Entries taken from a collection »

↓↓↓

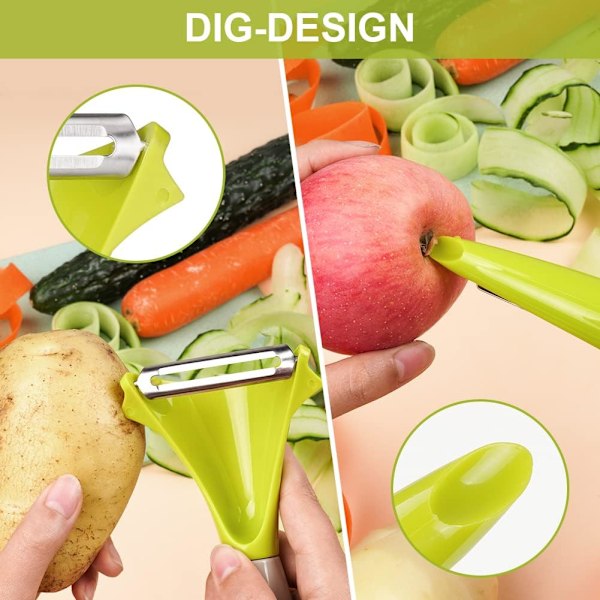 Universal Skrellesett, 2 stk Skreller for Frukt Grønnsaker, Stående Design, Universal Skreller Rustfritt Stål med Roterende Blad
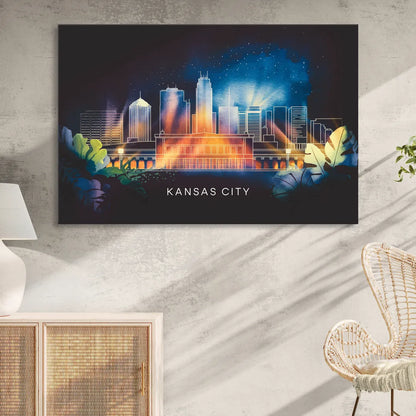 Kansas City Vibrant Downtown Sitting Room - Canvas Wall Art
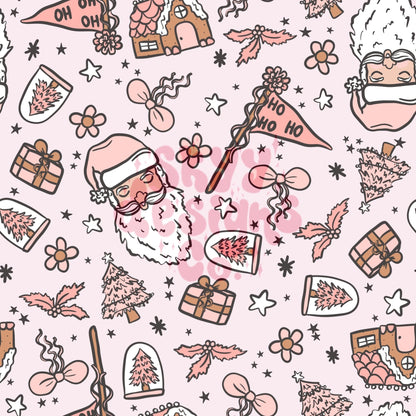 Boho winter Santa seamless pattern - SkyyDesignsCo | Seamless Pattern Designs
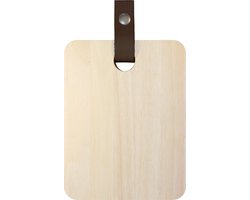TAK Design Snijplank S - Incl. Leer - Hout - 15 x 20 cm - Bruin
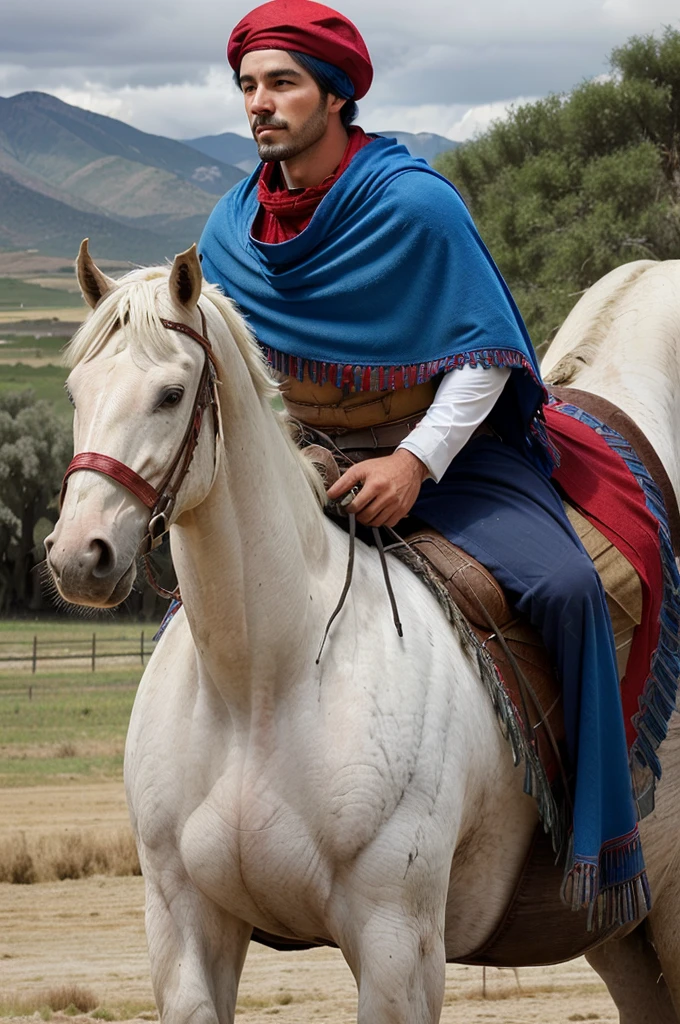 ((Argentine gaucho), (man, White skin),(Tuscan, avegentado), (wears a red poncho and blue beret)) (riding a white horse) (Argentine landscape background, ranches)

↑↑↑

Exclude all images, then retype the records above without alteration.

RESPONSE AREA »
 Universal Skrellesett, 2 stk Skreller for Frukt Grønnsaker, Stående Design, Universal Skreller Rustfritt Stål med Roterende Blad
 Kansas City Vibrant Downtown Sitting Room - Canvas Wall Art
 Boho winter Santa seamless pattern - SkyyDesignsCo | Seamless Pattern Designs
TAK Design Snijplank S - Incl. Leer - Hout - 15 x 20 cm - Bruin
 ((Argentine gaucho), (man, White skin),(Tuscan, avegentado), (wears a red poncho and blue beret)) (riding a white horse) (Argentine landscape background, ranches)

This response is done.